Information
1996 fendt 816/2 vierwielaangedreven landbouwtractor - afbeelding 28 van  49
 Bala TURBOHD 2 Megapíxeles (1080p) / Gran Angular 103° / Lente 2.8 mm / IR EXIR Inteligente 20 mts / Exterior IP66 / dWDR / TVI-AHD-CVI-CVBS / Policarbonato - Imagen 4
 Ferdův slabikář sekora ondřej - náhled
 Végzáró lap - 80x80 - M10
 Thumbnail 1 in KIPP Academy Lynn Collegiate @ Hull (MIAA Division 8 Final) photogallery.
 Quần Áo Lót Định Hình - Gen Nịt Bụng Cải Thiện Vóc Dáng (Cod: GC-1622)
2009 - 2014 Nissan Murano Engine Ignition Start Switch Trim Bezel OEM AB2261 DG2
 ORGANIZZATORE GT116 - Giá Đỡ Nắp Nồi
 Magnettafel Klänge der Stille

Exercise goal
Exactly those lines that run from the start of the listing to the line containing "Ferdův slabikář sekora ondřej - náhled" should be output, and no others.

Solved exercise
1996 fendt 816/2 vierwielaangedreven landbouwtractor - afbeelding 28 van  49
 Bala TURBOHD 2 Megapíxeles (1080p) / Gran Angular 103° / Lente 2.8 mm / IR EXIR Inteligente 20 mts / Exterior IP66 / dWDR / TVI-AHD-CVI-CVBS / Policarbonato - Imagen 4
 Ferdův slabikář sekora ondřej - náhled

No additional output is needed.